サンフランシスコの街は「素足のサンダル履きで歩くべきではない」と言われるほどストリートが公衆トイレと化していて、
その清掃作業だけでも年間6500万ドルが費やされています。
清掃作業員はA型肝炎感染を危惧して プロテクション・ギアを着けての作業を行っており、実際にA型肝炎ウィルスは
サンフランシスコのヘルス・プロブレムになって久しい状況です。
またストリートにはドラッグ中毒のホームレスが使用した注射針が当たり前のように捨ててあり、その回収量は年間で450万本と言われます。
サンフランシスコでは過去何年にも渡って毎年2億5000ドルの予算がホームレス対策に費やされてきましたが、
市政府の8つの部門、400以上のコントラクター、75のプライベート・オーガニゼーションがそれぞれに一貫性や協調性のない対策を打ち出しては
予算を奪い合うだけで、全く解決に繋がらないだけでなく、問題は悪化の一途を辿っています。
そんなホームレス問題に拍車をかけているのがヘロイン、クリスタルメス、ヘロインの50倍の強さと言われるフェンタニル等のドラッグの問題です。

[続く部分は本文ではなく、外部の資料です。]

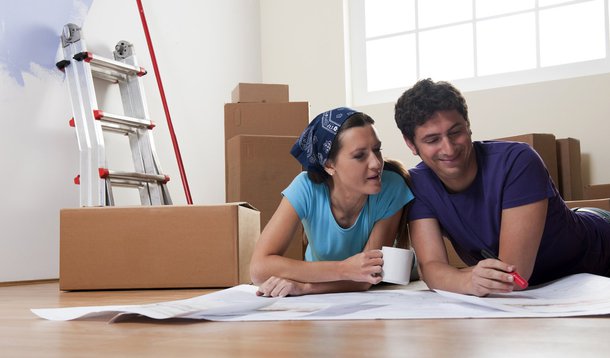 Comprar imóvel na planta requer atenção redobrada às finanças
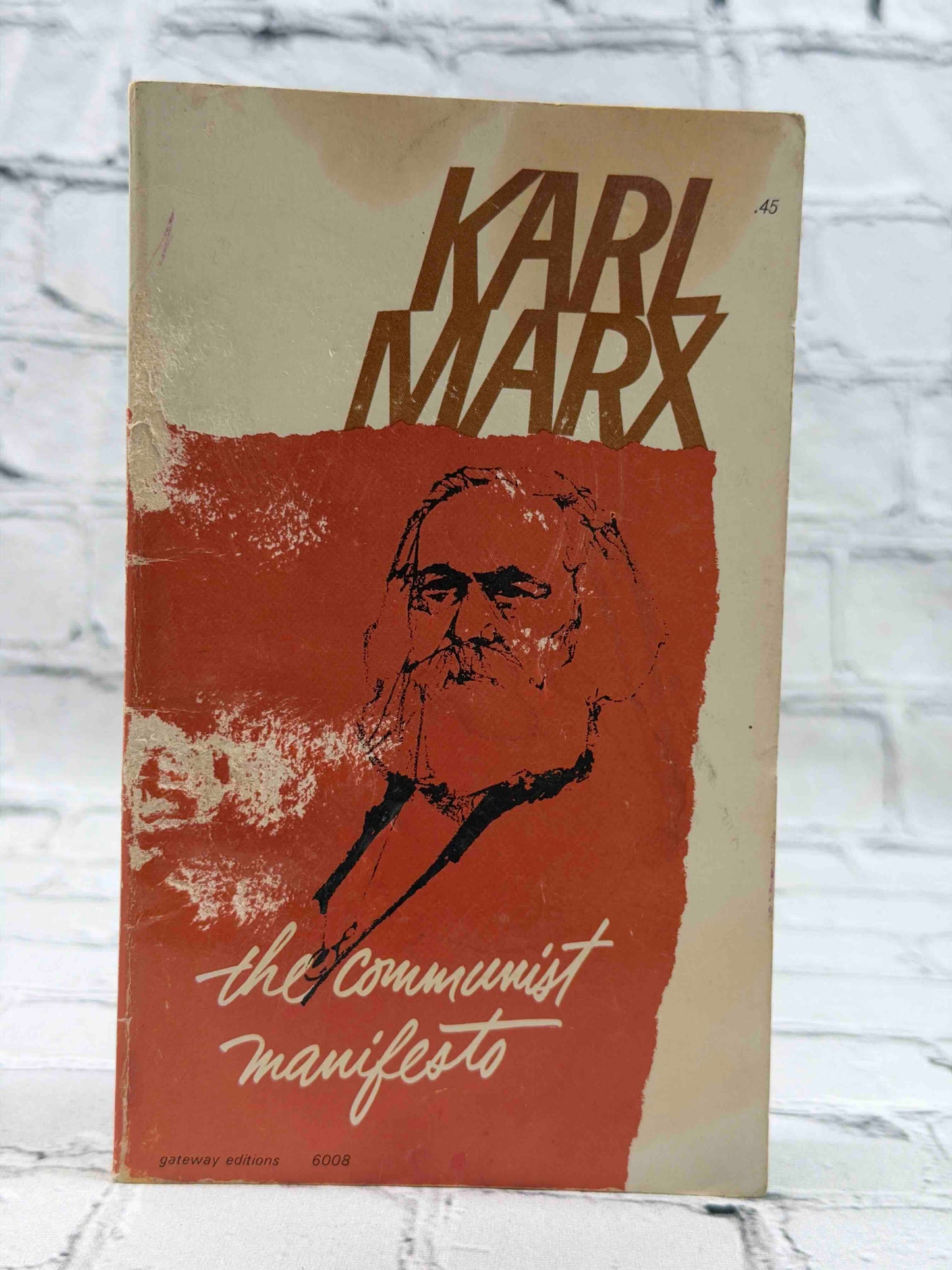 The Communist Manifesto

サンフランシスコではヘロインとフェンタニルのオーバードースだけで2018年に234人が死亡していますが、ホームレスになった方が
アクセスし易くなると言われるのがドラッグです。それほどまでにドラッグはホームレスにとって唯一の現実逃避の手段なのです。
警官は 万引きにしても ドラッグ使用にしても 逮捕したところですぐに釈放されてしまい、 ペーパーワークが増えるだけなので、
ホームレスがバイオレントな行為に出ない限りは、取り締まりや逮捕に乗り出さなくなって久しい状況です。

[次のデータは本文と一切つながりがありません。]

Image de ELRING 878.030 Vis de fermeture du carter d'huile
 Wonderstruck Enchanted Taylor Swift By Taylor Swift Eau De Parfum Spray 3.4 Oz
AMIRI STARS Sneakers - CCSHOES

そんな警察を市民が批判する一方で、警察は政治家や市政府を批判し、政治家や市政府は世の中のシステムを責める有り様で、
「誰も前向きに解決に取り組んでいないし、取り組めない」と言われるのが現状です。
ではホームレスがどうやってドラッグを購入するお金を手に入れるかと言えば、
もっぱら年金や政府から支給されるフード・スタンプを売却したお金とのこと。すなわち福祉のお金がドラッグの購入資金となり、
制定された法律のせいで万引き増加、やる気のない警察の体制を招いている訳ですから、政策が全て裏目に出ていることになります。
一度ドラッグ中毒になってしまうと 人間としての尊厳が失われるだけでなく、常識やモラルといった概念が通用しなくなりますが、
市政府、州政府側はホームレスを社会的弱者と捉えて、その人権問題には極めてセンシティブです。

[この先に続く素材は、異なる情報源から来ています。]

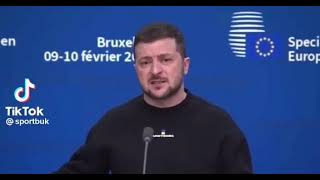 Ми не можемо показавати приклад як росія - заганяти когось палками на війну, ми НЕ ТАКА держава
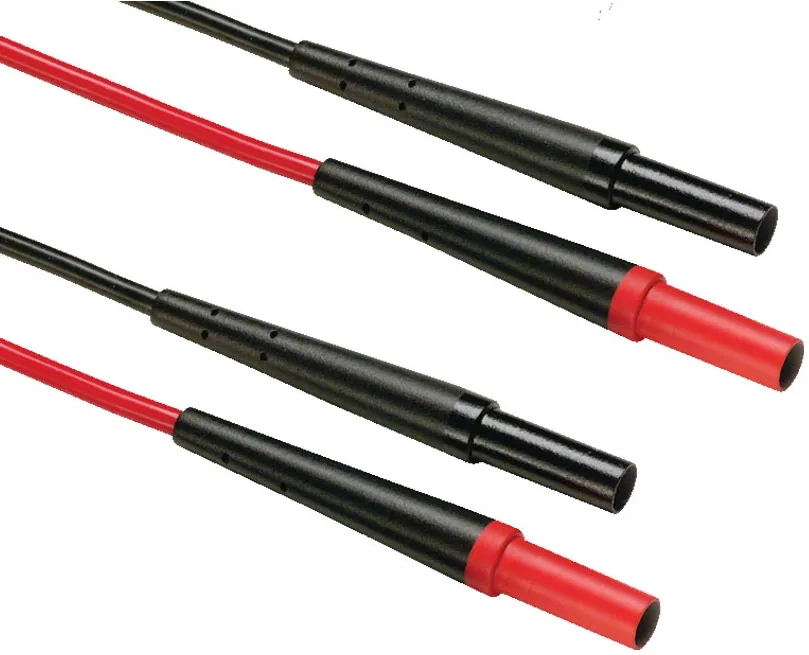 Набор удлинителей Fluke TL221 для пробников SureGrip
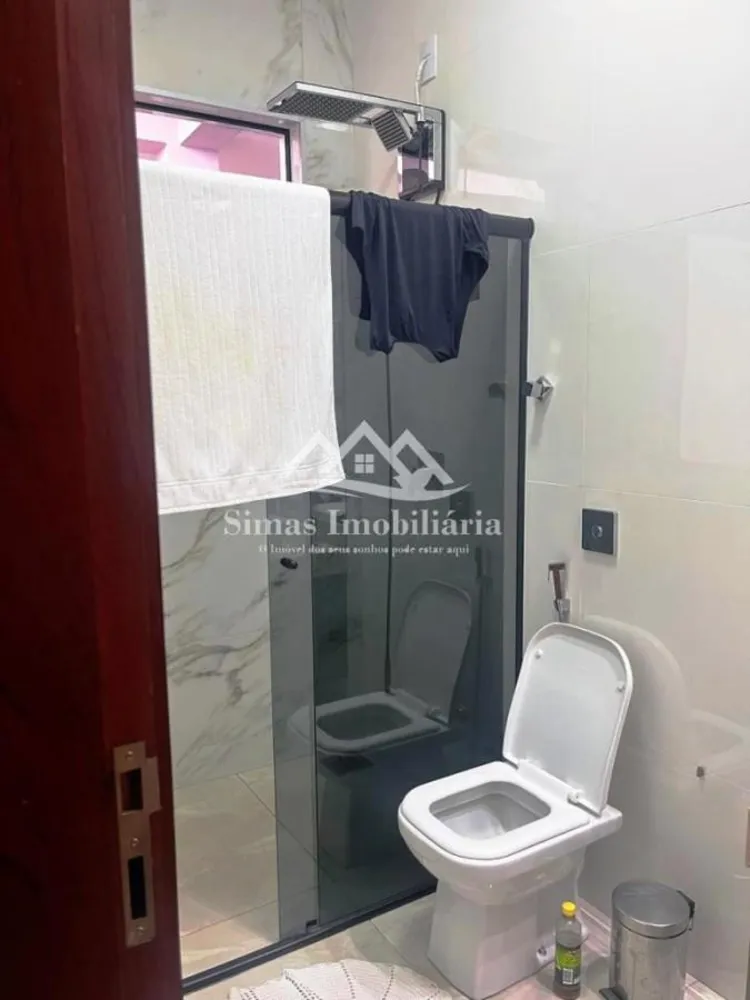 Casa, 3 quartos - Foto 6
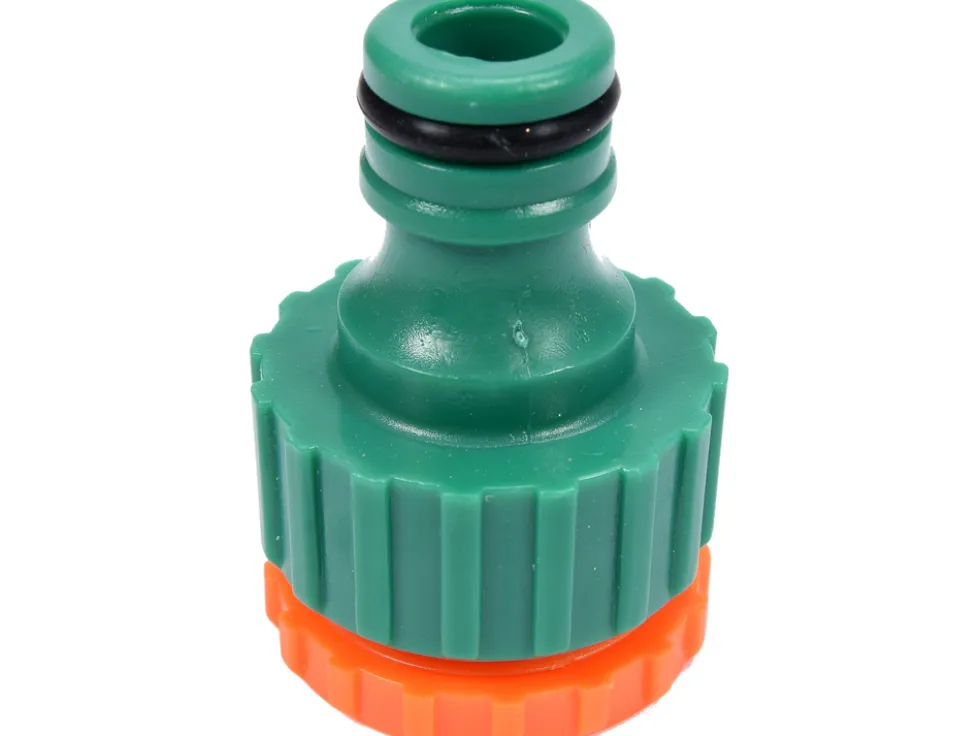 PRZYŁĄCZE Z GWINTEM WEWNĘTRZNYM 1/2"-3/4" /BOX/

その結果、ホームレスの取り締まりや問題改善に取り組めないままギブアップ状態になっており、
市民も警察も今の状態を”ニューノーマル” と捉える傾向にある様子が指摘されています。
シリコンバレーのビリオネアには 自分の描く理想の社会のビジョンを語るCEOは決して少なくありませんが、
そうしたCEOのビジョンには 自らの企業のサクセスによってストリートに追い出された人々は含まれていないという印象です。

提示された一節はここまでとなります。